### Supplied material
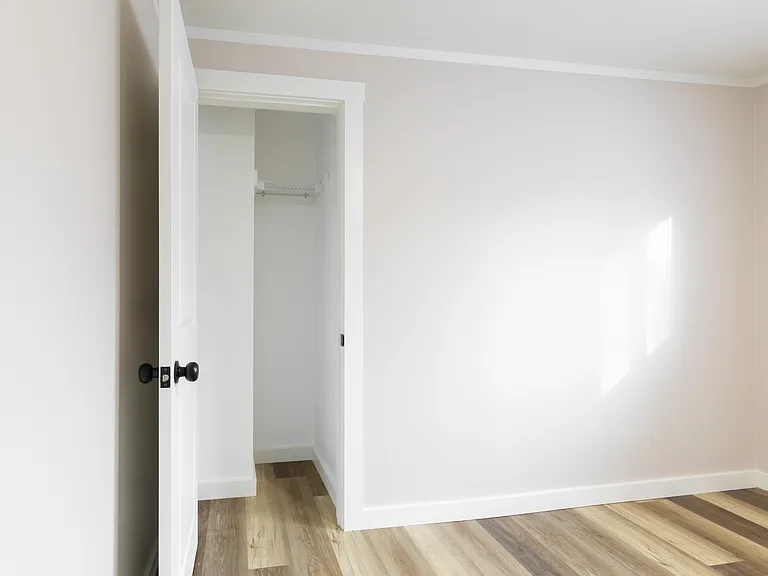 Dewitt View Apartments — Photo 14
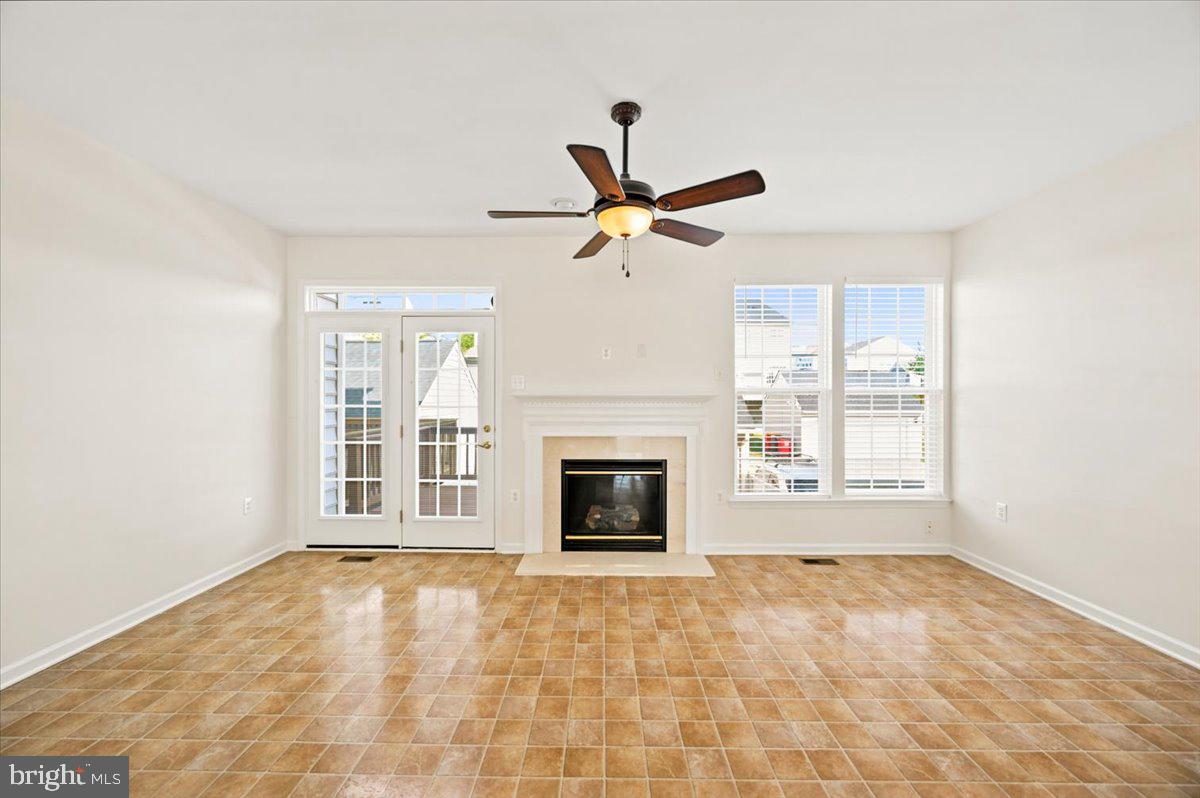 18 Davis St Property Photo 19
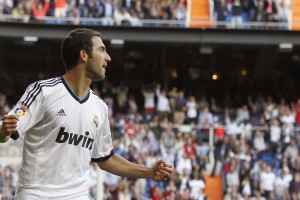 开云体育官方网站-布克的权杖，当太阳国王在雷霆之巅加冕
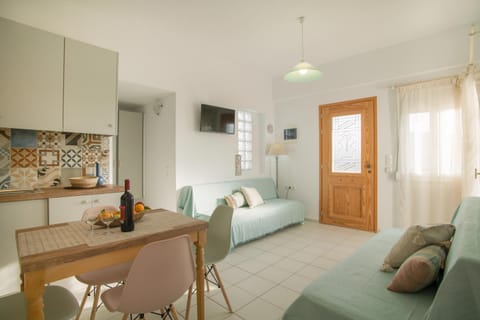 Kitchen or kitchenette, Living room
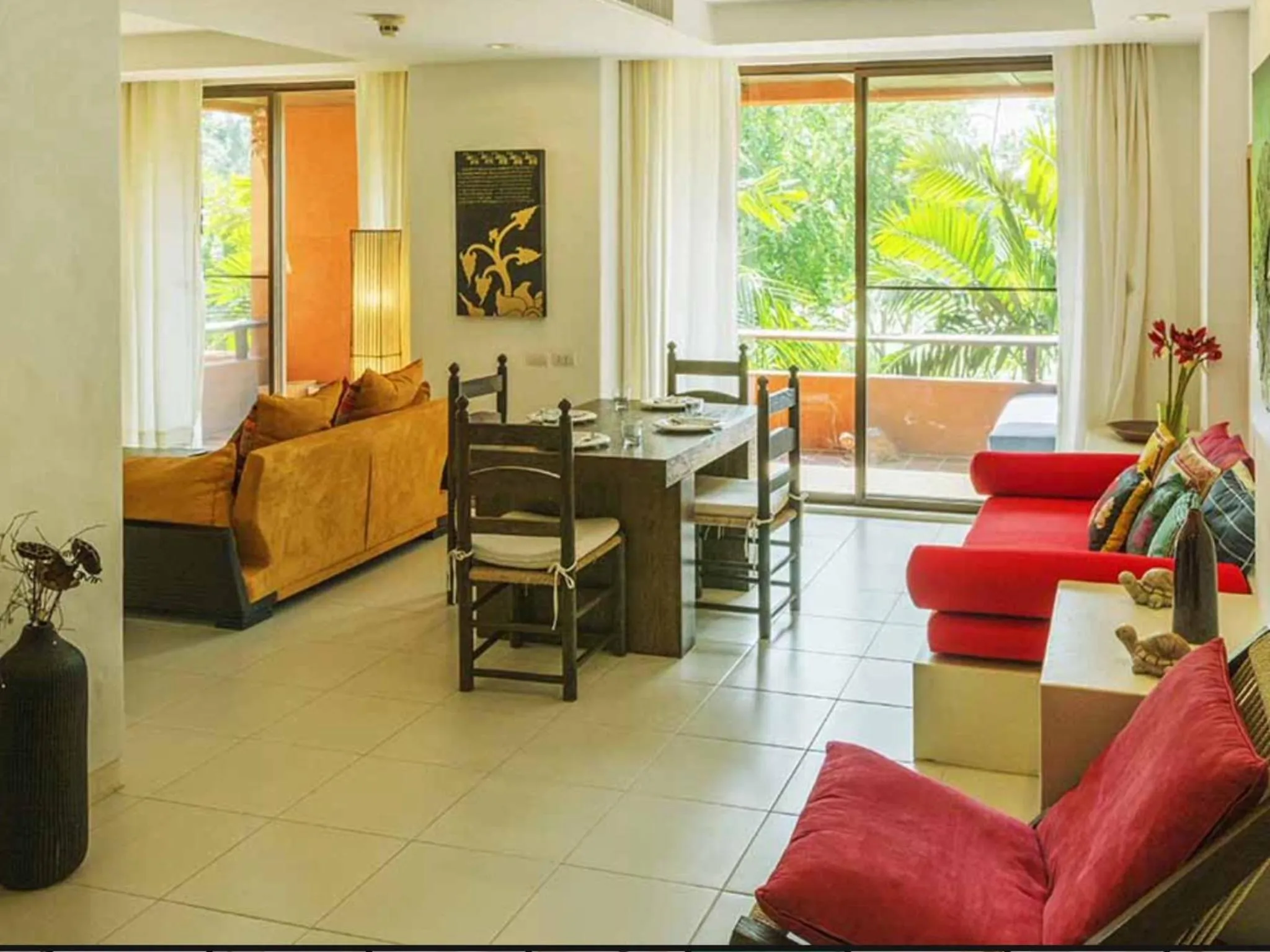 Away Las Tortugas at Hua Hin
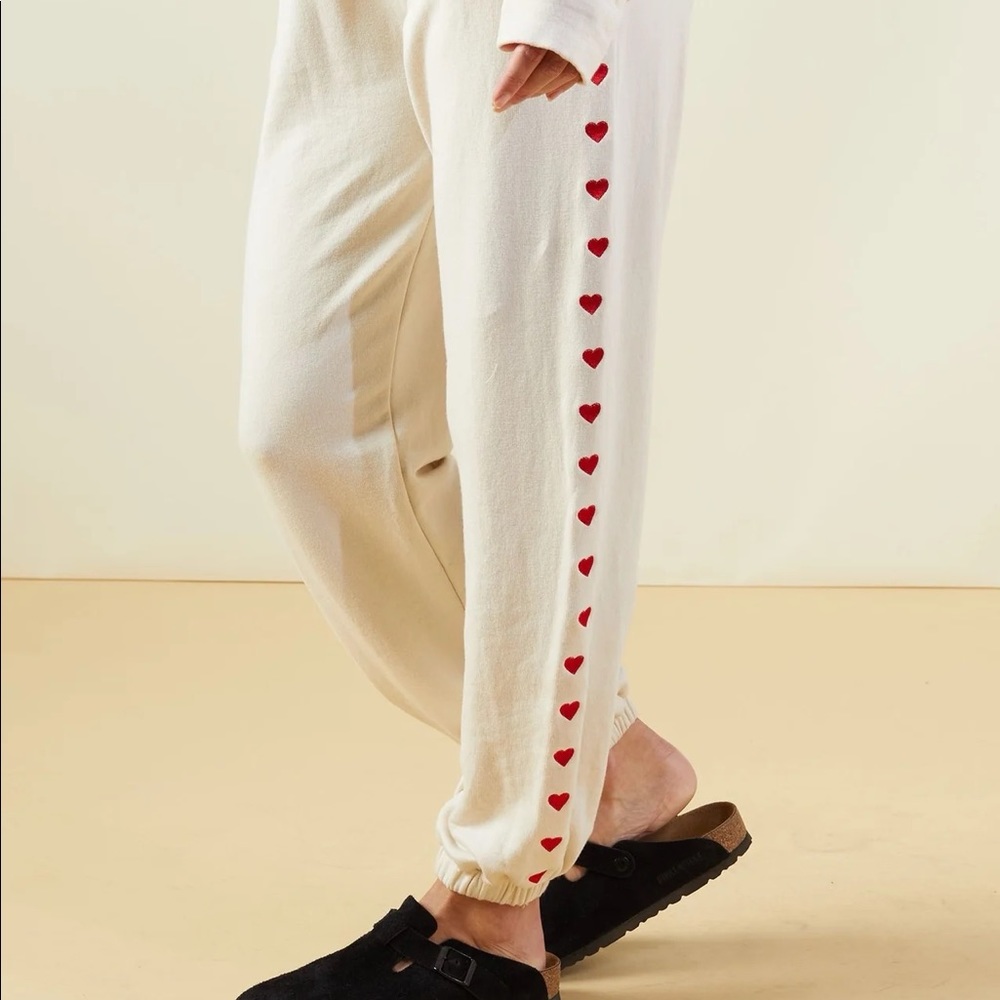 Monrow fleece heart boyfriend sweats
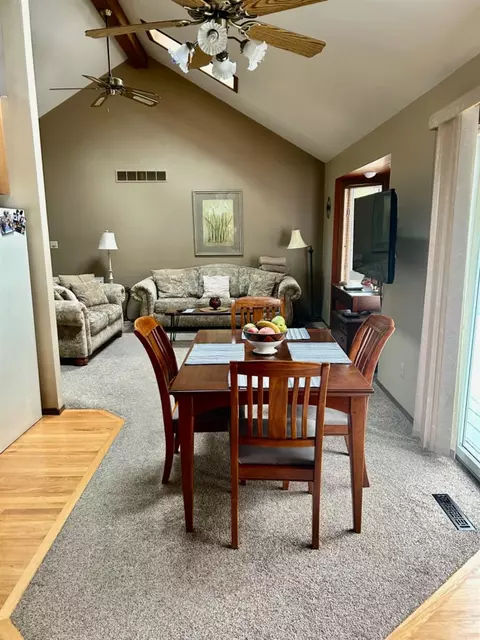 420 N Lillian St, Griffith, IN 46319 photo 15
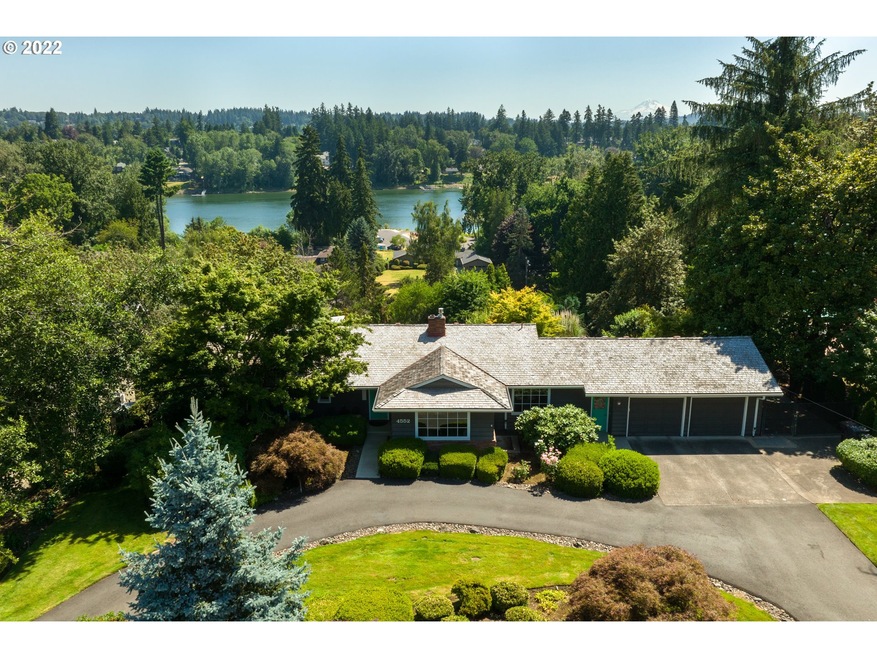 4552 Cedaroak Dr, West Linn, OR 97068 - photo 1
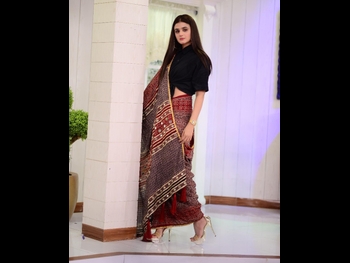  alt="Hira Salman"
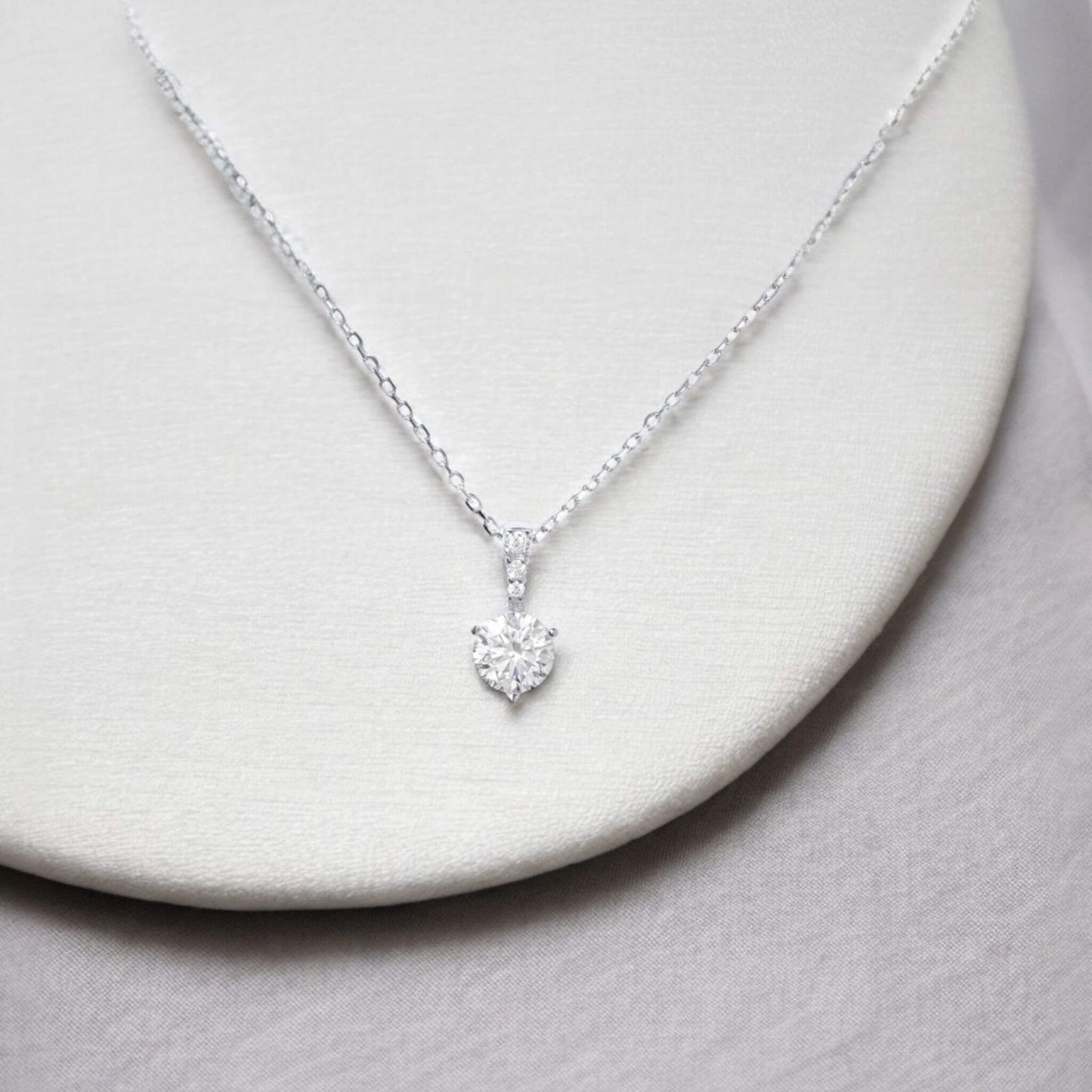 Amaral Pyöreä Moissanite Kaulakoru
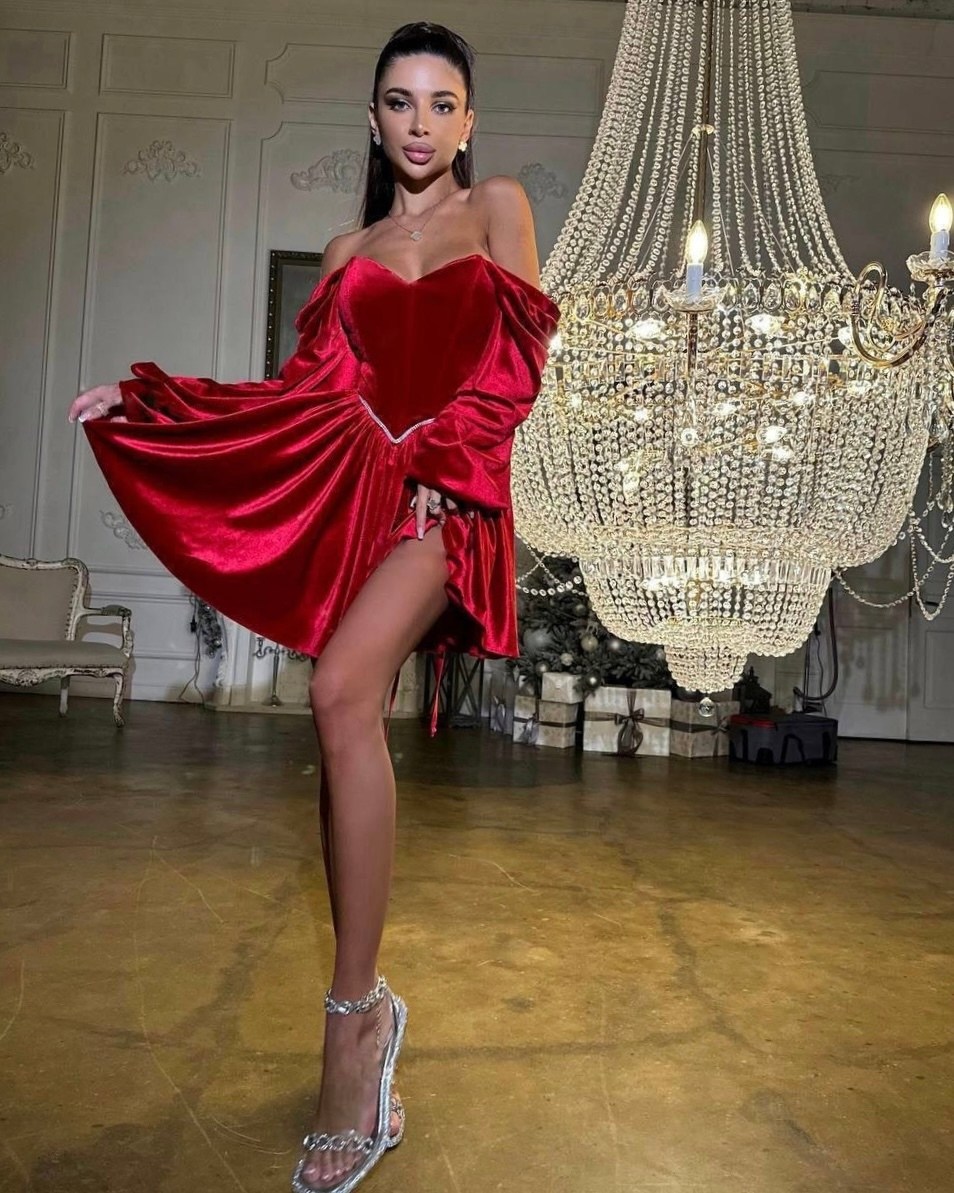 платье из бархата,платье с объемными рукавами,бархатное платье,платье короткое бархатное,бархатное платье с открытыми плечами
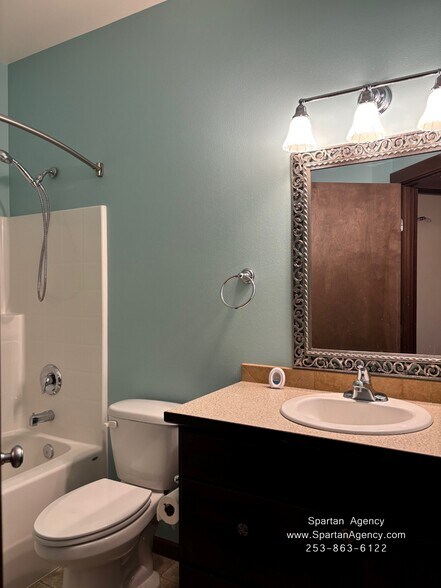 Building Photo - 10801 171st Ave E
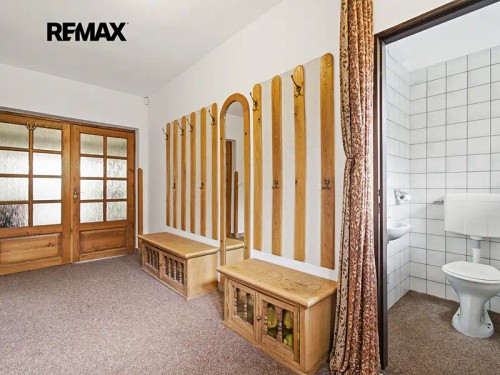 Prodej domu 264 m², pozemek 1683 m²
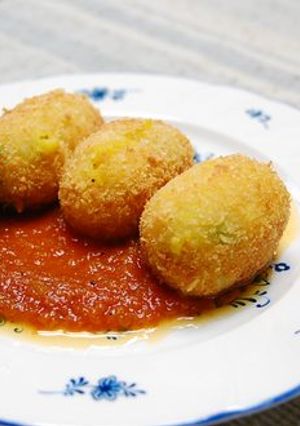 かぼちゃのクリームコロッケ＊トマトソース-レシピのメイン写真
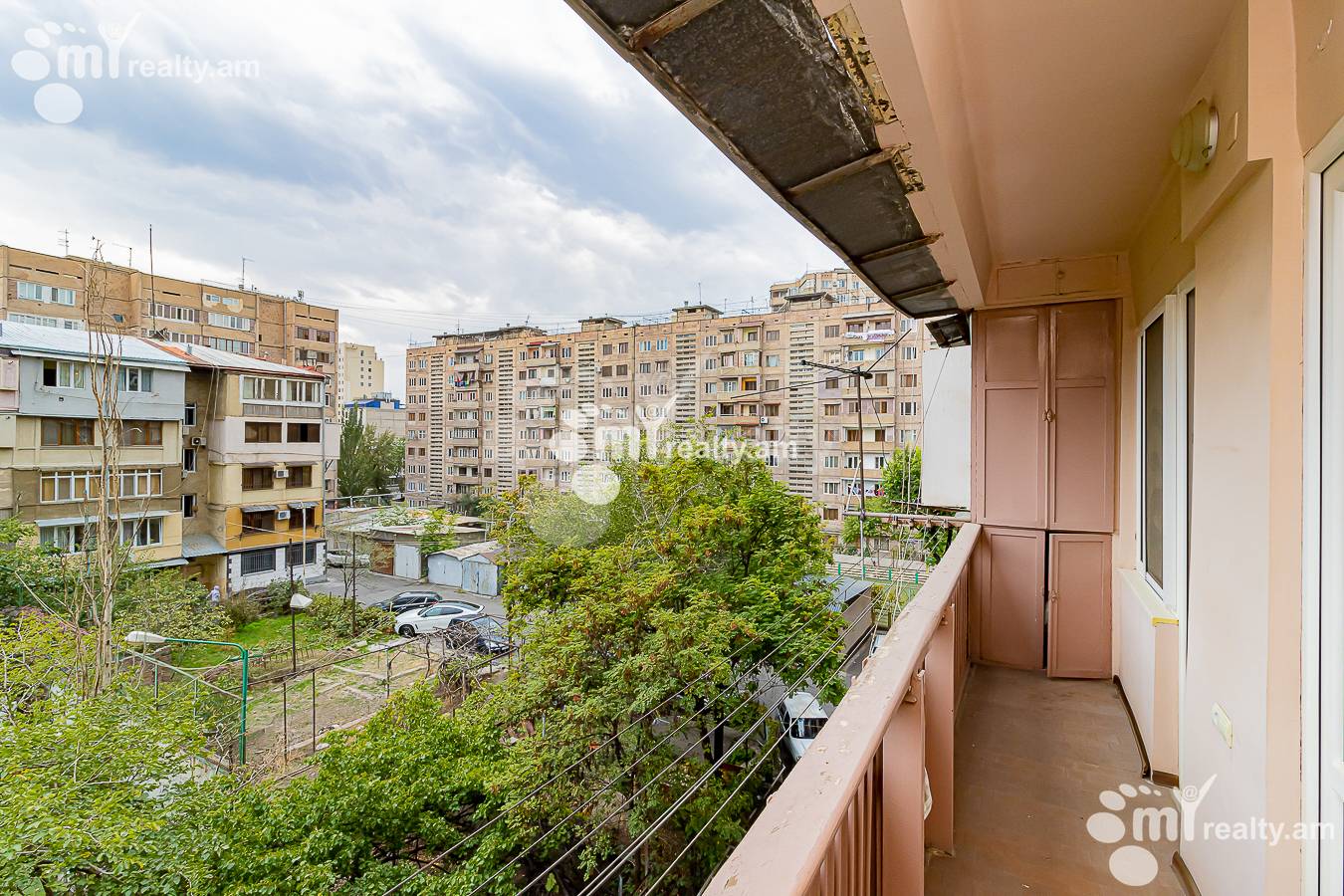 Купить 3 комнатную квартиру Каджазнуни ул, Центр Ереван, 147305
######
# Task to carry out:
Transcribe only the lines from the line holding "开云体育官方网站-布克的权杖，当太阳国王在雷霆之巅加冕" to the final line of the listing above. Keep them exact, include both ends, and skip the pictures.

# Output below:
 开云体育官方网站-布克的权杖，当太阳国王在雷霆之巅加冕
 Kitchen or kitchenette, Living room
 Away Las Tortugas at Hua Hin
 Monrow fleece heart boyfriend sweats
 420 N Lillian St, Griffith, IN 46319 photo 15
 4552 Cedaroak Dr, West Linn, OR 97068 - photo 1
  alt="Hira Salman"
 Amaral Pyöreä Moissanite Kaulakoru
 платье из бархата,платье с объемными рукавами,бархатное платье,платье короткое бархатное,бархатное платье с открытыми плечами
 Building Photo - 10801 171st Ave E
 Prodej domu 264 m², pozemek 1683 m²
 かぼちゃのクリームコロッケ＊トマトソース-レシピのメイン写真
 Купить 3 комнатную квартиру Каджазнуни ул, Центр Ереван, 147305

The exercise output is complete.